Contudo, pode-se confiar razoavelmente que, numa perspectiva de 25 a 50 anos, com a energia de fissão nuclear como alternativa importante, haverá fontes de energia disponíveis (de fusão, solar, geotérmica) que finalmente resolverão o problema.
Essas fontes estão menos ligadas a uma zona geográfica determinada e à correspondente soberania.
Além disso, pelo que se sabe, são menos perigosas em termos ecológicos.
Ao mesmo tempo, novas tecnologias do transporte da energia e da sua conservação modificam ainda mais os componentes básicos do problema.

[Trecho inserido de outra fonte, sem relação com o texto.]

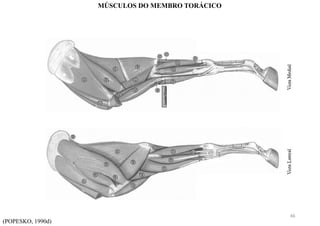 (POPESKO, 1990d)
MÚSCULOS DO MEMBRO TORÁCICO
46
 
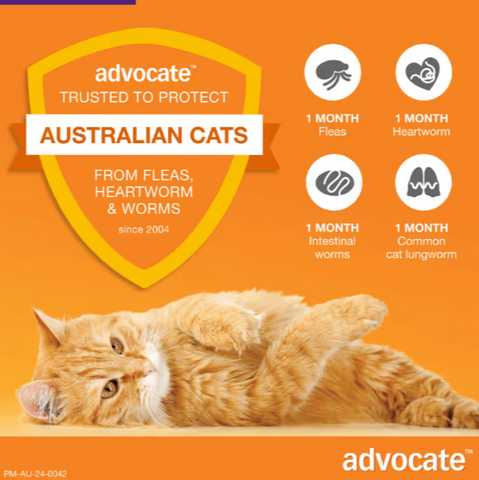 ADVOCATE Flea, Heartworm and Worm For Big Cat 3pack (Purple)
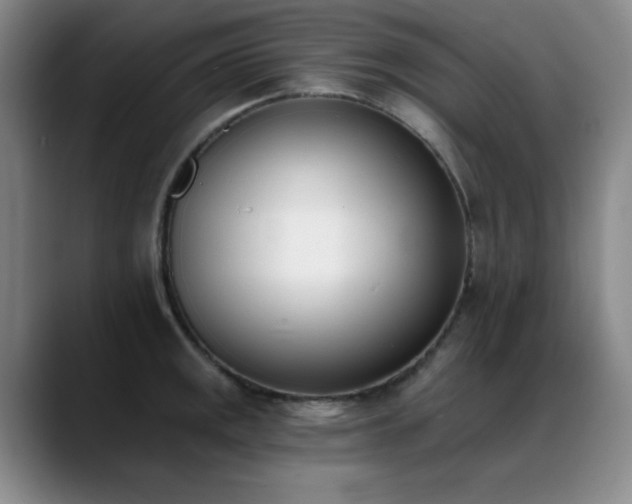 X0000089391141200706151217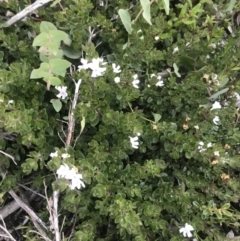 Westringia lucida (Shining Westringia) at Namadgi National Park - 4 Dec 2021 by BrianH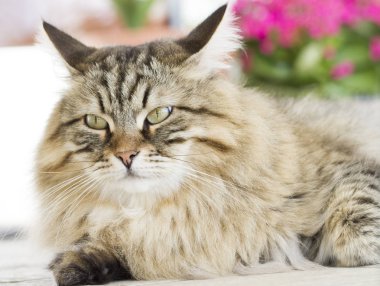 Güzel kahverengi kedi içinde belgili tanımlık Bahçe yalan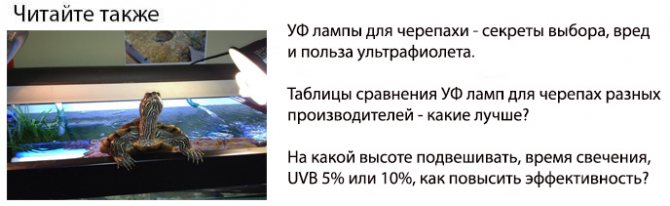 УФ лампа для черепах какая лучше установка и особенности использования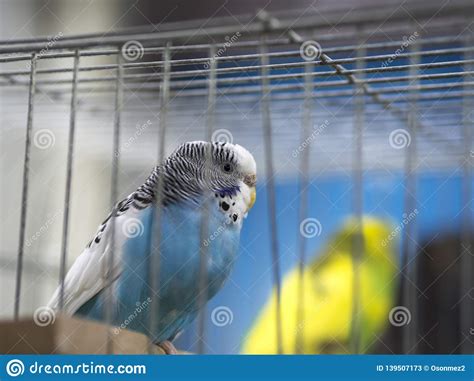 Close-up Blue Colored Lovebirds Standing in Cage Stock Image - Image of ...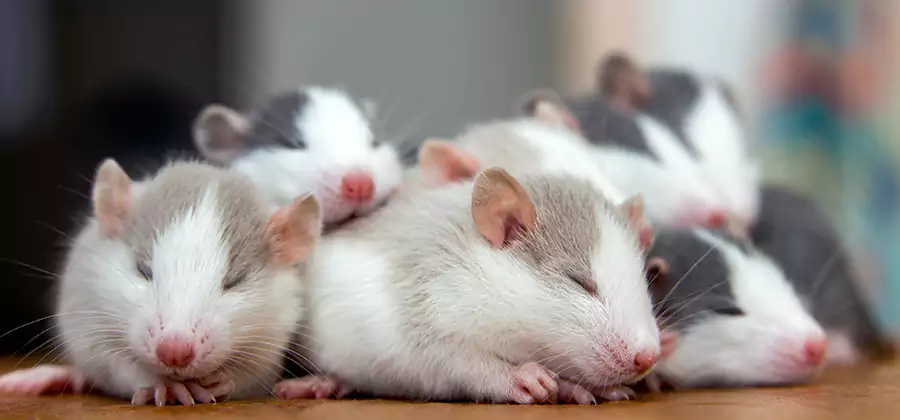 Peachtree City Pet Safe Mice Control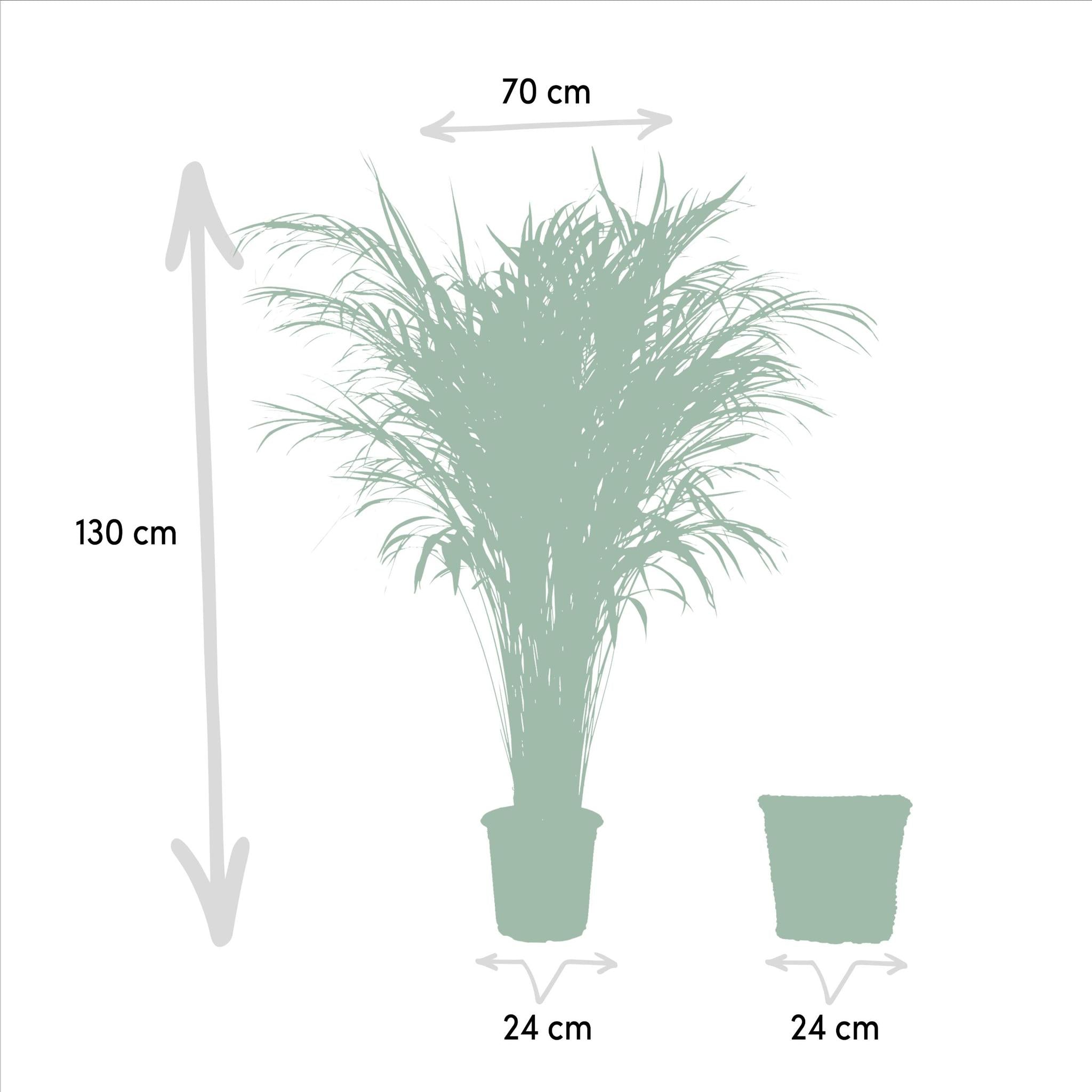 Areca Palme Groß kaufen online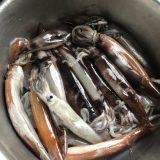 いか🦑イカ🦑烏賊🦑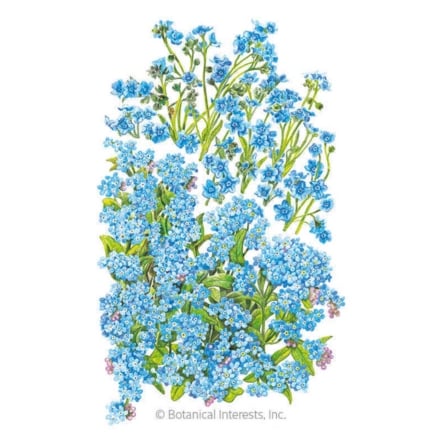 Spring and Summer Forget-Me-Not Seeds
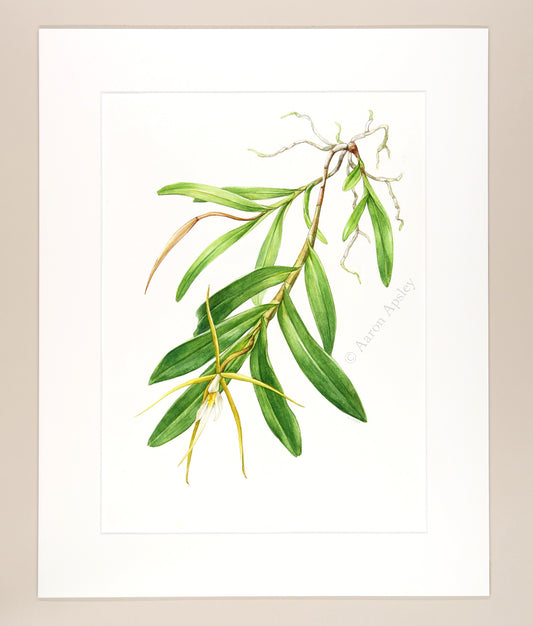 Epidendrum nocturnum - Original Watercolor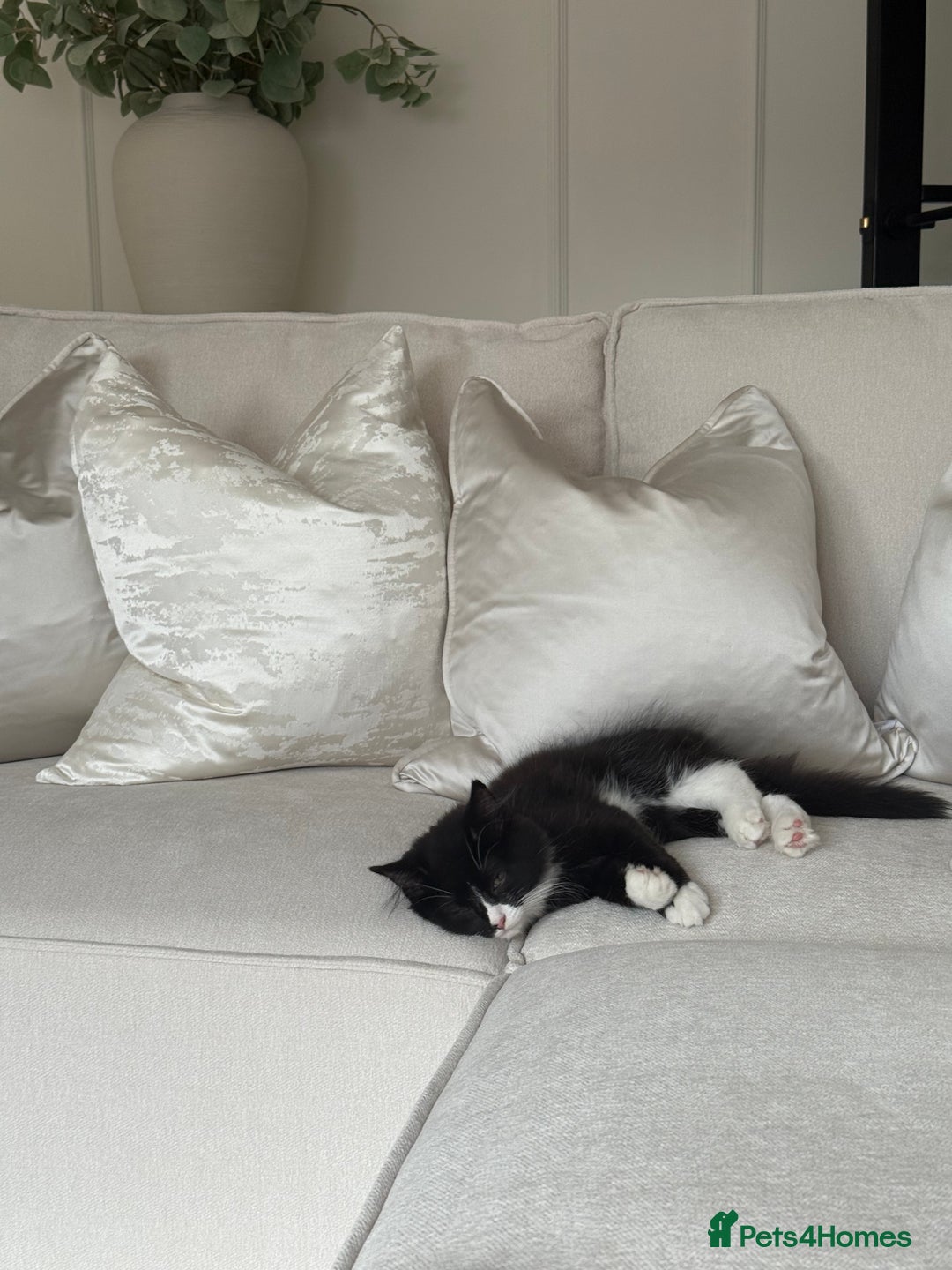 Mixed Breed cats for sale: Our Beautiful Dice - Image 8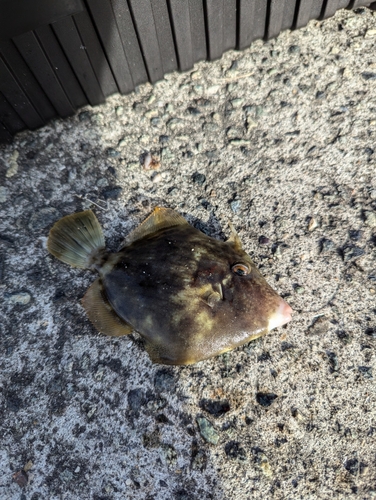 カワハギの釣果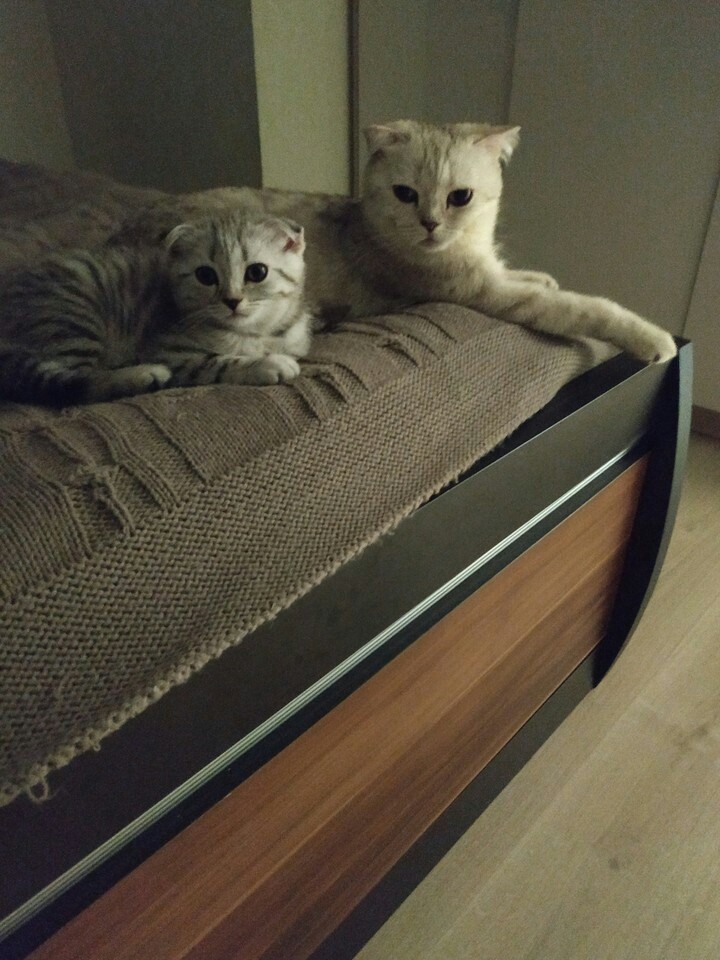 So cute~♡♡♡♡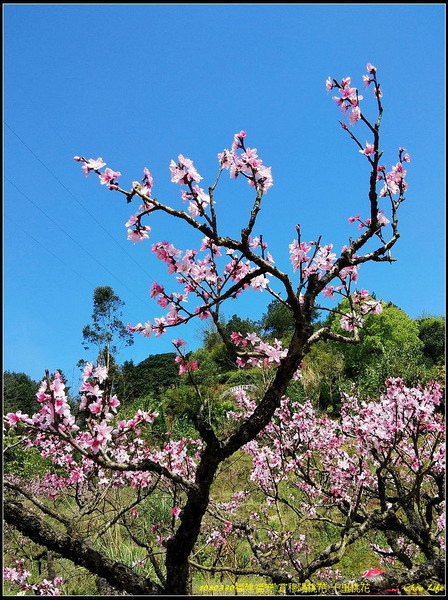 26福安穆陽 十里桃花.jpg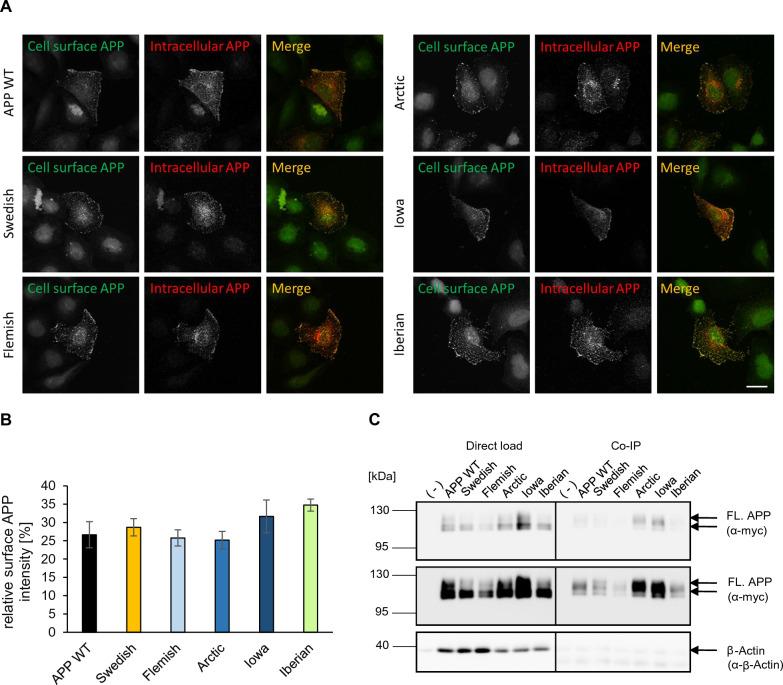 https://cdn.ncbi.nlm.nih.gov/pmc/blobs/86a3/10234039/89f8cd56d075/40478_2023_1577_Fig3_HTML.jpg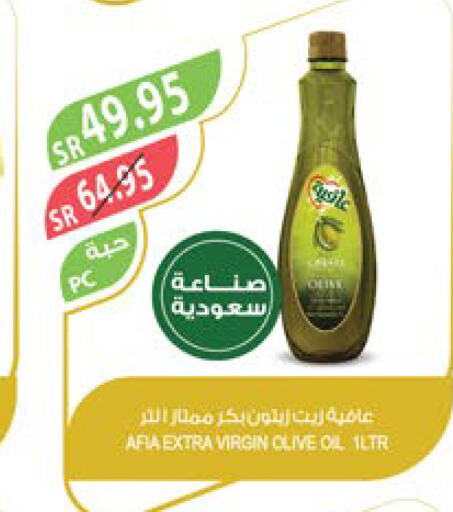 AFIA Virgin Olive Oil  in Farm  in KSA, Saudi Arabia, Saudi - Najran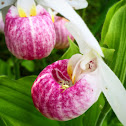 Lady Slipper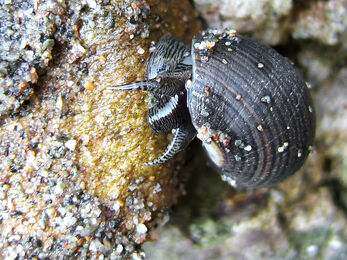 A flat periwinkle with a dark brown shell moving along a sandy rock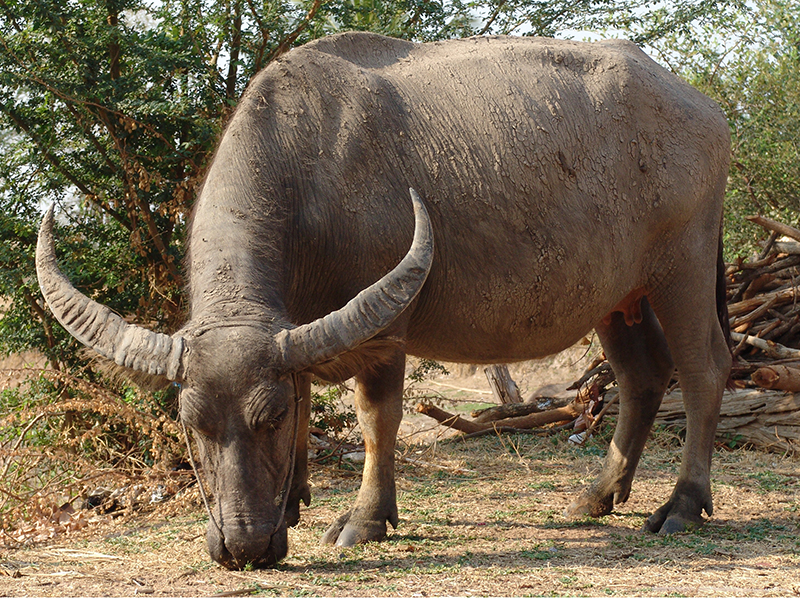 水牛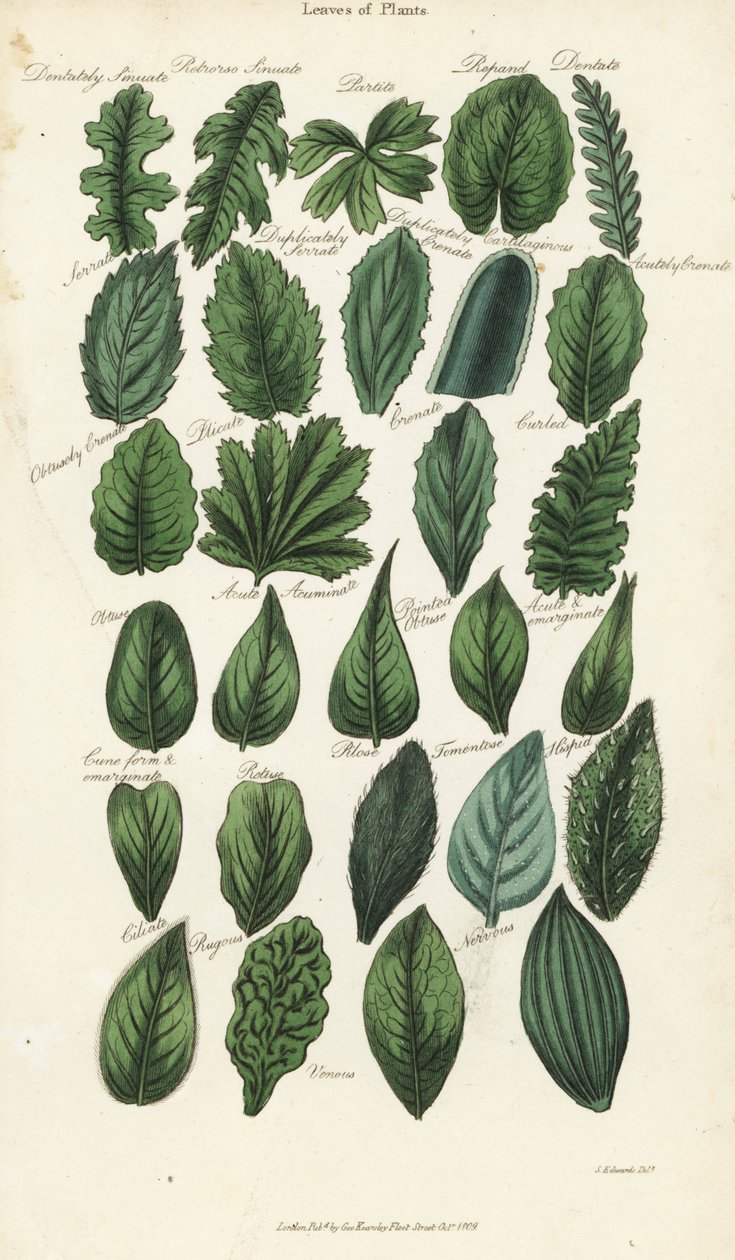 植物的叶子类型。根据Sydenham Edwards设计的手绘铜版画，出自John Mason Good的Pantologia，一部新的百科全书，G. Kearsley，伦敦 作者 西德纳姆·泰斯特·爱德华兹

Em termos de pura tecnologia, aparentemente não existe nenhuma razão para crer – salvo os riscos e incertezas inerentes a toda aventura humana – que a energia venha a ser um fator limitador do crescente domínio do homem sobre a natureza.
Um lugar para viver
O medo da superpopulação e da consequente escassez de alimentos e outros recursos não é novo: o primeiro a manifestá-lo, Malthus, viveu há quase dois séculos.
Em uma bem documentada e equilibrada visão do futuro, o informe Interfuturs, da Organização para Cooperação e Desenvolvimento Econômico (OCDE), estima que a população do mundo se estabilizará ao redor de 12 bilhões, por volta da metade do próximo século, um nível inferior ao que poderia ser alimentado com as tecnologias conhecidas.
Ainda não começamos a explorar e aproveitar a maior parte das reservas da Terra, para não falar dos possíveis recursos disponíveis em outros planetas.
Os problemas relacionados com a preservação do equilíbrio ecológico são evidentemente reais e seus perigos não devem ser subestimados.
Mas há uma grande distância entre apontar esses problemas e resolvê-los, como demonstrou a experiência nestes últimos vinte anos.
Também aqui, o informe Interfuturs chega à conclusão de que não existem questões insolúveis nesse aspecto, seja com relação ao clima, à água ou aos produtos tóxicos.
Os meios de que o homem dispõe para a preservação do seu ambiente natural ainda não foram utilizados em grande escala.
Aprendiz de feiticeiro?
Mesmo um rápido olhar para o desenvolvimento científico e tecnológico não pode omitir um dos principais aspectos da investigação que deve produzir espetaculares e numerosas aplicações nas próximas décadas.
Encontra-se no limite entre a biologia, a química e a física, o maior desafio à sabedoria humana e à organização social com que a humanidade jamais se tenha defrontado: a bioquímica.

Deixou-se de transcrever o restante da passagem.